### Exercise:
When you reach the line containing "Home-made coloured pasta" in the entries below, repeat it and each line after it exactly until the entries end.

### Records shown:
========

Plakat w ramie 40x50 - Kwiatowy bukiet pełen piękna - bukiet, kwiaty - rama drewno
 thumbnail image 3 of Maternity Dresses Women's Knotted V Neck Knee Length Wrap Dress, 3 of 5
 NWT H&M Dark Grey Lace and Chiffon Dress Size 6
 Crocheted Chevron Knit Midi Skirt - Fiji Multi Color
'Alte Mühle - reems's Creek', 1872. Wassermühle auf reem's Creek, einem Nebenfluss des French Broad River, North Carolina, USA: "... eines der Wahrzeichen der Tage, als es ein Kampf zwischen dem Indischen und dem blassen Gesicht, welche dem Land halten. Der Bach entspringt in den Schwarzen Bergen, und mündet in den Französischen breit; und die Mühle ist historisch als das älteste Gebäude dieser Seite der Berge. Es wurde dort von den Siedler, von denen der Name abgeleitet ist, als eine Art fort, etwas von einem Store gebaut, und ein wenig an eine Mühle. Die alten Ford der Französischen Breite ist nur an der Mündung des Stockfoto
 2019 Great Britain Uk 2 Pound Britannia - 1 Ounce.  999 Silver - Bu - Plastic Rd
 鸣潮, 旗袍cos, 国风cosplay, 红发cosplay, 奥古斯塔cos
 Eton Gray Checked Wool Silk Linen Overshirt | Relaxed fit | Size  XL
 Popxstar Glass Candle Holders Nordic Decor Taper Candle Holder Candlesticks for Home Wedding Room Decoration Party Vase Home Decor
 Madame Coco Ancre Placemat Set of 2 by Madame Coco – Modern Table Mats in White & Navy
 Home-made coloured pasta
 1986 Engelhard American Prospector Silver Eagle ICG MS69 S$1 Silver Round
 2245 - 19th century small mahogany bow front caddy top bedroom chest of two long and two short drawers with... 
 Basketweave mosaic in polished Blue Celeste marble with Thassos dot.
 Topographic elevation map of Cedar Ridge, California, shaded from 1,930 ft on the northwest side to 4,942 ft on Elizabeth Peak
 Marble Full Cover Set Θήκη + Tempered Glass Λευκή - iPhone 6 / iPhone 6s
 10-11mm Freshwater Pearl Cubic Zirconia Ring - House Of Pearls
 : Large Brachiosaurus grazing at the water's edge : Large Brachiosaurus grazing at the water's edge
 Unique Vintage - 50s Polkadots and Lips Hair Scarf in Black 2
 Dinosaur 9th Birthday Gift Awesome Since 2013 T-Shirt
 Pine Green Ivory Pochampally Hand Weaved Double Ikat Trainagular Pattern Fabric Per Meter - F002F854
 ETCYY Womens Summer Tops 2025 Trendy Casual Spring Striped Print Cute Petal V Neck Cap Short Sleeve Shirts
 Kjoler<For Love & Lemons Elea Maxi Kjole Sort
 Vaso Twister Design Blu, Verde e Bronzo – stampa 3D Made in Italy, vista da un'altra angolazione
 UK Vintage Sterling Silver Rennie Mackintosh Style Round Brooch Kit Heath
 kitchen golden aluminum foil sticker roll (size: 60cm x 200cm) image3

========

### Output of the task:
 Home-made coloured pasta
 1986 Engelhard American Prospector Silver Eagle ICG MS69 S$1 Silver Round
 2245 - 19th century small mahogany bow front caddy top bedroom chest of two long and two short drawers with... 
 Basketweave mosaic in polished Blue Celeste marble with Thassos dot.
 Topographic elevation map of Cedar Ridge, California, shaded from 1,930 ft on the northwest side to 4,942 ft on Elizabeth Peak
 Marble Full Cover Set Θήκη + Tempered Glass Λευκή - iPhone 6 / iPhone 6s
 10-11mm Freshwater Pearl Cubic Zirconia Ring - House Of Pearls
 : Large Brachiosaurus grazing at the water's edge : Large Brachiosaurus grazing at the water's edge
 Unique Vintage - 50s Polkadots and Lips Hair Scarf in Black 2
 Dinosaur 9th Birthday Gift Awesome Since 2013 T-Shirt
 Pine Green Ivory Pochampally Hand Weaved Double Ikat Trainagular Pattern Fabric Per Meter - F002F854
 ETCYY Womens Summer Tops 2025 Trendy Casual Spring Striped Print Cute Petal V Neck Cap Short Sleeve Shirts
 Kjoler<For Love & Lemons Elea Maxi Kjole Sort
 Vaso Twister Design Blu, Verde e Bronzo – stampa 3D Made in Italy, vista da un'altra angolazione
 UK Vintage Sterling Silver Rennie Mackintosh Style Round Brooch Kit Heath
 kitchen golden aluminum foil sticker roll (size: 60cm x 200cm) image3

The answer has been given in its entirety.